Volume 10, Issue 1

Reliability Edge Home

Reliability Growth Planning and Analysis Across Multiple Test Phases

[Editor's Note: This article has been updated since its original publication to reflect a more recent version of the software interface.]

Traditional reliability growth models consider the data from a single phase of developmental testing. However, a reliability growth program often will be conducted across multiple phases. ReliaSoft's RGA software offers an array of new analysis and management tools based on the Crow Extended and Crow Extended - Continuous Evaluation models, which provide the appropriate calculations for reliability growth program planning and multi-phase data analysis.

In this article, we will present a brief overview of the models and work through a sample application for a multi-phase reliability growth program. The example will show how to create a growth plan based on the Crow Extended model and then how to use the Crow Extended - Continuous Evaluation model and Multi-Phase Plot to track progress against the established goals.

Crow Extended Model for Reliability Growth Planning

The Crow Extended model for reliability growth planning is a revised and improved version of the MIL-HDBK-189 growth curve. The growth curve in the military handbook is based on the Crow-AMSAA (NHPP) model. Therefore, using MIL-HDBK-189 for growth planning assumes that the corrective actions for the observed failure modes are incorporated during the test and at the specific time of failure. However, in actual practice, some fixes may be implemented during the test while others may be delayed until after the completion of the test and some may not be fixed at all. Using the Crow Extended model for growth planning allows for additional inputs to account for a specific management strategy as well as delayed fixes with specified effectiveness factors.

Application

A manufacturer is developing a small electric vehicle for use in indoor environments, such as airports. The goal MTBF for the vehicle is 300 operating hours. Twenty developmental units are going to be tested for 3,000 hours each for a total of 60,000 operating hours. The first phase of testing is planned to end at 5,000 hours of cumulative test time; the second phase at 15,000 hours; the third phase at 25,000 hours; the fourth phase at 35,000 hours; the fifth phase at 45,000 hours and the sixth phase will end at 60,000 hours.

The first step in planning and executing an overall reliability growth program is to set an idealized growth curve and planned MTBF goal at each stage of testing. In this way, test data can be tracked against goals so that early warning signals can be identified in time to make any significant changes that may be necessary to meet the final MTBF goal.
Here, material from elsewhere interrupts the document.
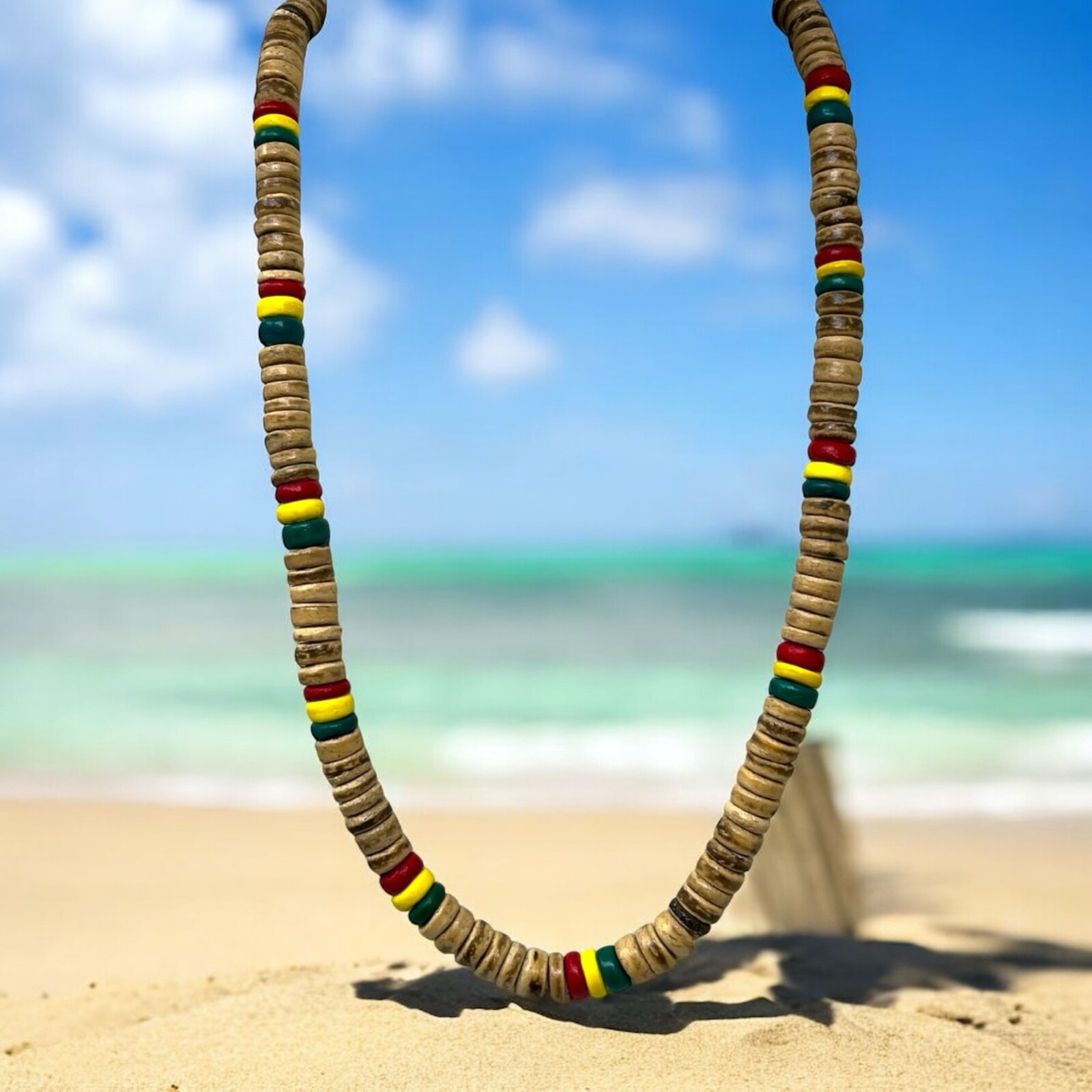 Coconut Shell Necklace – 20″, Rasta Mixed Brown Shell, Hawaiian Surfer Style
RGA's new growth planning folio can be used to create effective reliability growth program plans.

In this example, the average fix delay to incorporate corrective actions is considered to be 3,000, 5,000, 6,000, 7,000, 8,000 and 9,000 hours for each of the respective phases. The average fix delay is the amount of test time from when the failure mode is discovered until the fix will be implemented in the units under test. For example, in this plan, the fix for a failure mode discovered at 4,000 hours of testing (in Phase 1) is expected to be implemented 3,000 test hours later at a cumulative test time of 7,000 hours, (which falls within Phase 2). The reason behind the increasing fix delay is that, for this specific application, it is considered to be easier to incorporate design changes earlier during the soft tooling phases, but it gets increasingly difficult as the prototype reaches maturity and hard tooling has been established.

After defining the phases and average fix delays, the reliability team provides the inputs required by the Crow Extended model for reliability growth planning. This allows them to create an idealized reliability growth curve for the overall program and MTBF values of planned growth at each phase. The inputs for this example are as follows:

The Goal MTBF is 300 hours, as mentioned previously.
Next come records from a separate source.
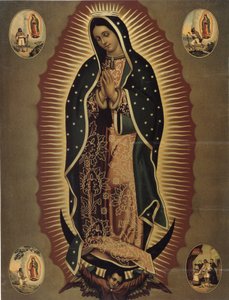Representasjon av jomfruen av Guadalupe, skytshelgen for Mexico Trykk av det 20. århundre. Dim. 51x39 cm Musee de la Vallee, Barcelonnette (Alpes de Haute provence)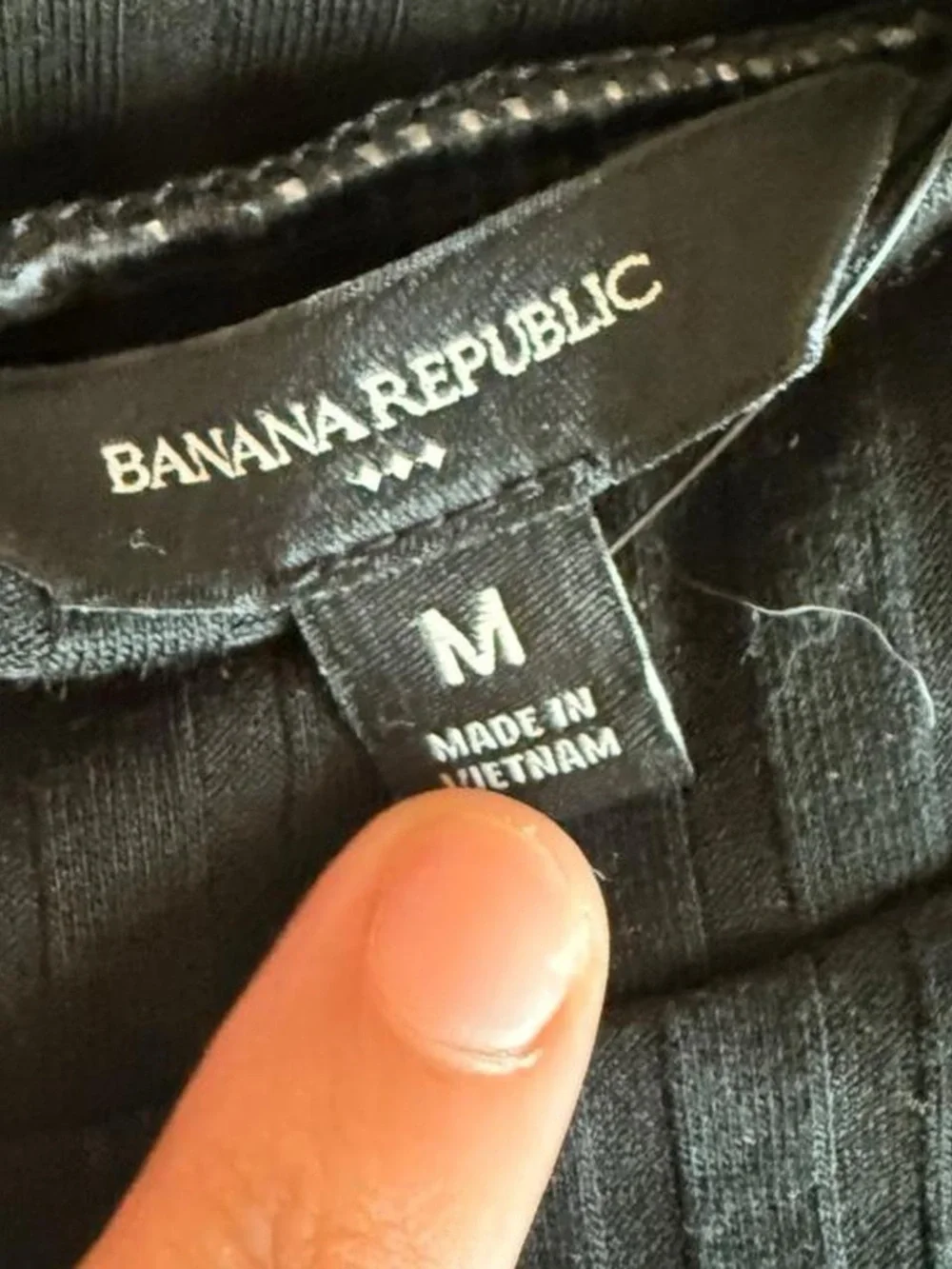 Banana Republic Black Ribbed High-Neck Tank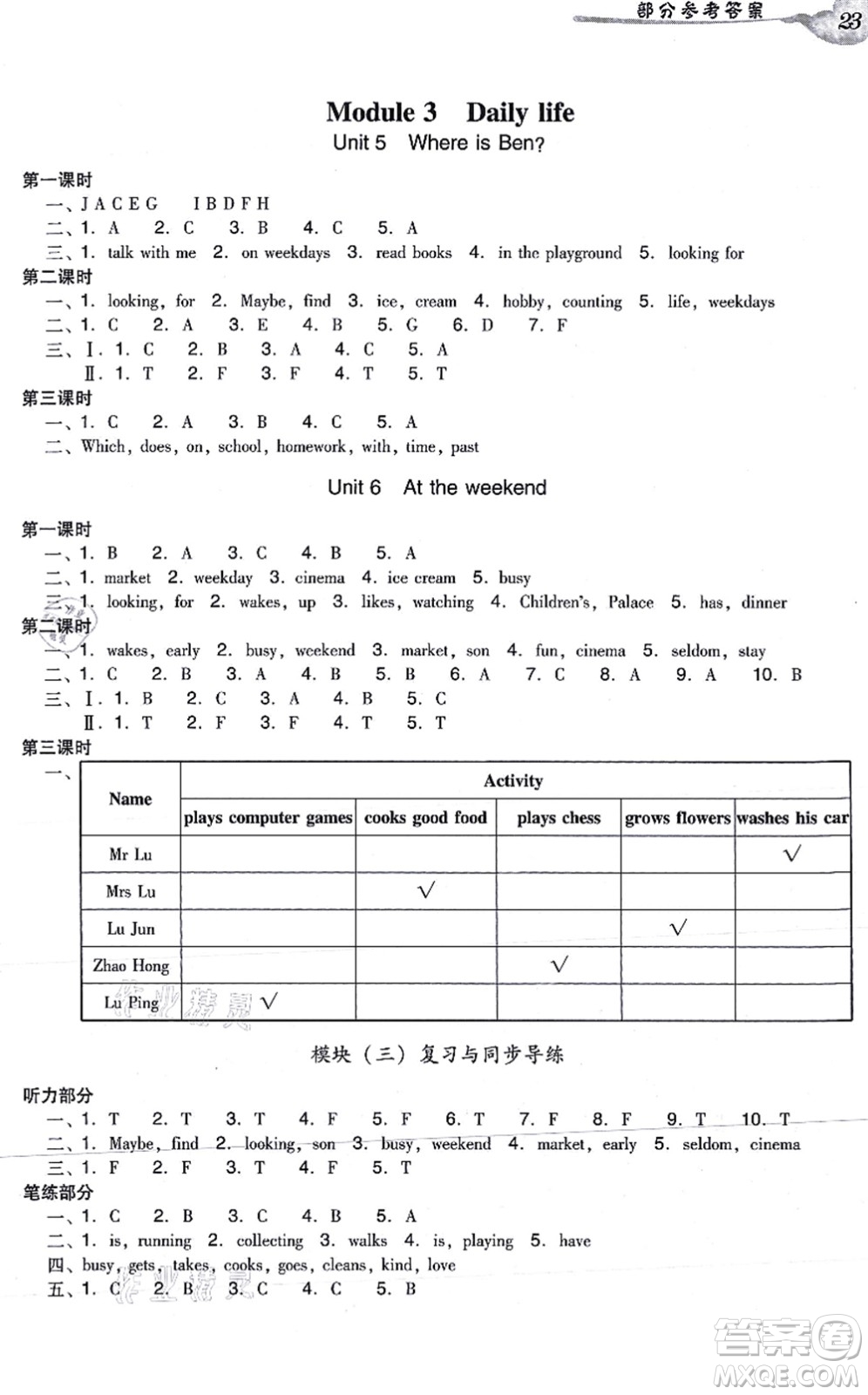 新世紀(jì)出版社2021雙基同步導(dǎo)學(xué)導(dǎo)練五年級(jí)英語(yǔ)上冊(cè)教科版廣州專版答案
The Growth Potential (GP) Design Margin is a "safety factor" that can be adjusted to make sure that the desired reliability growth will be reached. The higher the GP Design Margin, the smaller the risk in the program but the more rigorous the reliability growth program will be. In this case, the GP Design Margin was chosen to be 1.3. With an MTBF goal of 300 hours, this means that the program will be designed for a growth potential MTBF of 390 hours.
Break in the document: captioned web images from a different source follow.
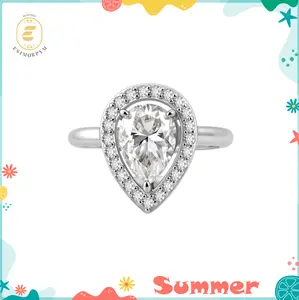 Moissanite 2ct Moonlight Drop Halo Ring Luminous Pear Cut Ring Birthday Wedding Engagement Anniversary Gift Daily Wear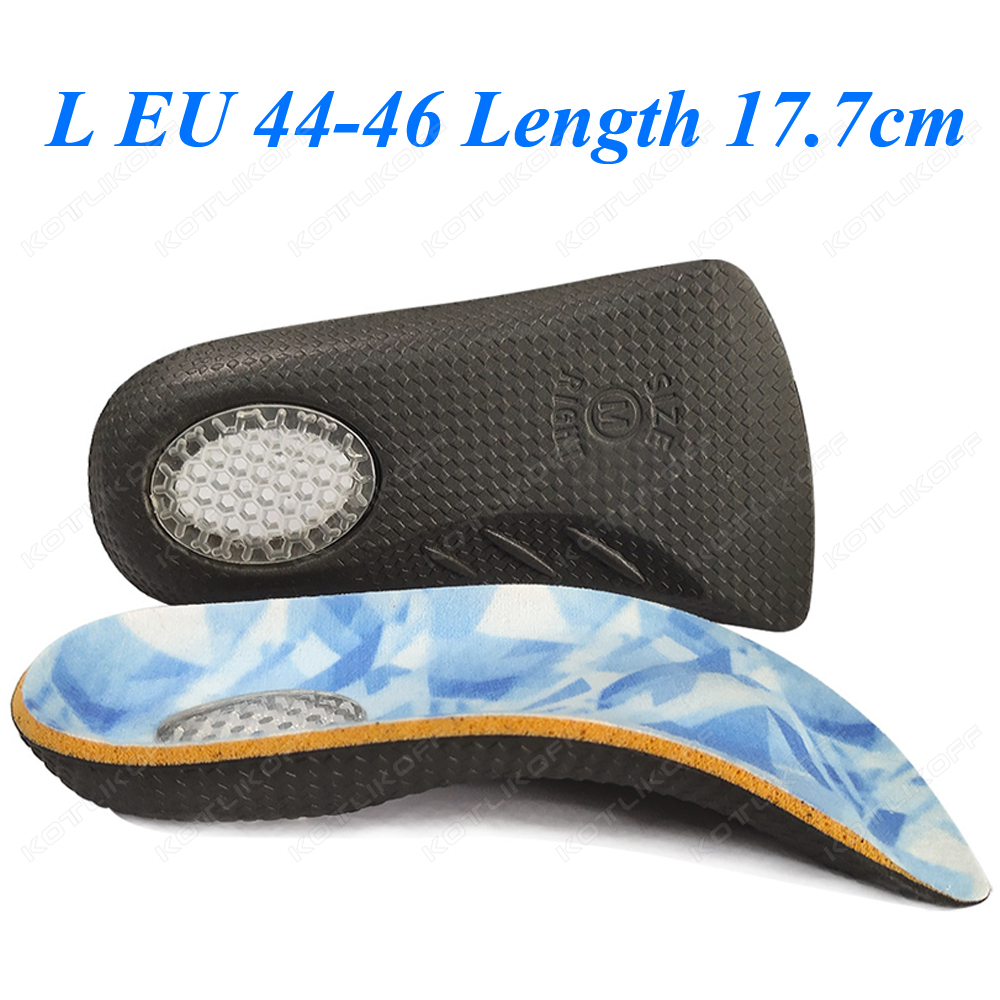 1/2 paar orthopedische EVA halve inlegzolen platvoet/XO beenverzorging fasciitis plantaris reliëf antislip hiel-pasvorm voor dagelijkse sport KOTLIKOFF: Blauw / 0.5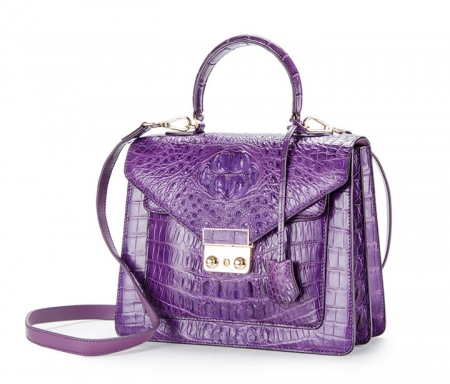 Crocodile Evening Handbag and Clutch Party Wedding Purse-Purple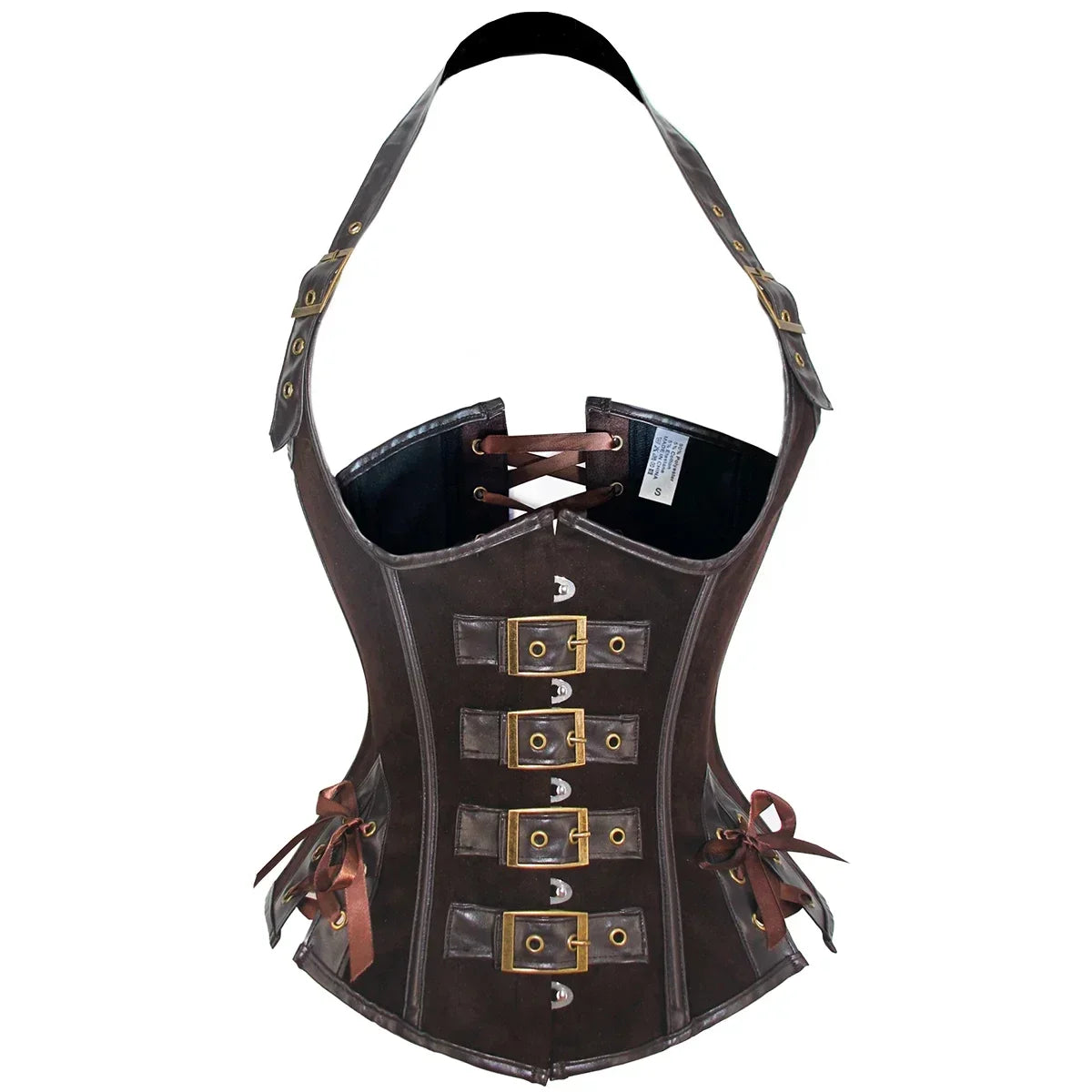 Steampunk Corset Top Gothic PU Leather Underbust Bustier with Halter Strap Silver Black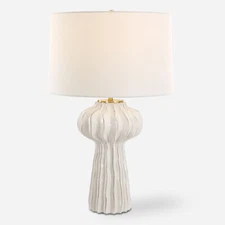 Organic Shape Off White Ribbed Table Lamp 28 in Modern Botanical Ceramic Ridged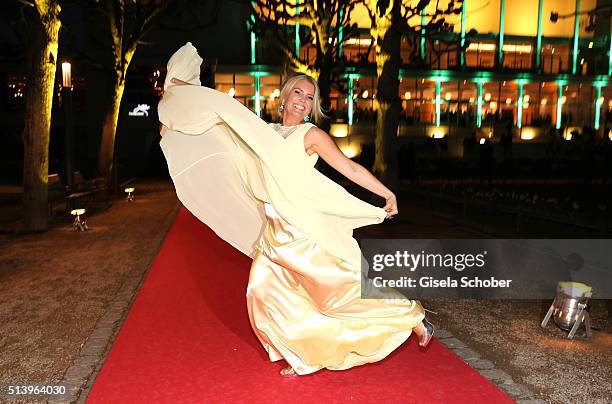 Jennifer Knaeble wearing a dress by 'unique' during the Spring Ball Frankfurt 2016 on March 5, 2016 at Palmengarten in Frankfurt am Main, Germany.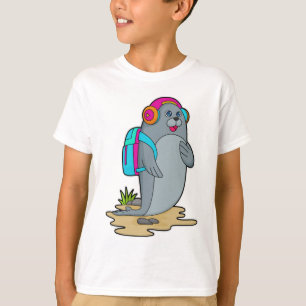 Camiseta Selo como Hiker com mochila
The Management Strategy determines the percentage of the unique failure modes discovered during the test that will be addressed (i.e., fixed). The failure modes for which management determines that it is not economically or otherwise justified to take a corrective action are classified as A modes. The failure modes that are corrected either during the test or at a later time are classified as B modes. In this case, the plan is for 5% of the discovered failure modes to remain unfixed (A modes) and 95% to be addressed (B modes).

This is an important variable in reliability growth program planning because the management strategy can be changed to address a larger percentage of the discovered failure modes if the MTBF goal cannot be reached with the current strategy.

The Average Effectiveness Factor (EF) for the corrective actions (Avg EF or d ) is determined based on engineering expertise, specific product complexity, prior history, etc. Failure modes are rarely totally eliminated by a corrective action. After failure modes have been found and fixed, a certain percentage of the failure intensity will remain in the system. The EF is the fractional decrease in a mode's failure intensity after the corrective action has been implemented.

Typically, about 30% of the failure intensity for the failure modes that are addressed will remain in the system after all of the corrective actions have been implemented. Therefore in this case, the reliability team chose to select an average effectiveness factor of 0.7 (or 70%).

The Discovery Beta describes the rate at which new, unique B modes are being discovered during testing. A value less than 1 indicates that the inter-arrival times between unique B modes are getting larger. We expect this value to be less than 1 because we assume that most failures will be identified early on, and their inter-arrival times will become larger as the test progresses. Based on prior experience with similar products, the discovery beta for this example was chosen to be 0.71.

The reliability team enters all of this information into RGA. Figure 1 shows the six test phases defined in the Growth Planning Folio as well as the inputs and results for the planning calculations. Based on these inputs, the Crow Extended model for reliability growth planning is used to estimate the overall idealized reliability growth curve and the planned growth at each phase. Figure 2 shows the growth planning results and plot.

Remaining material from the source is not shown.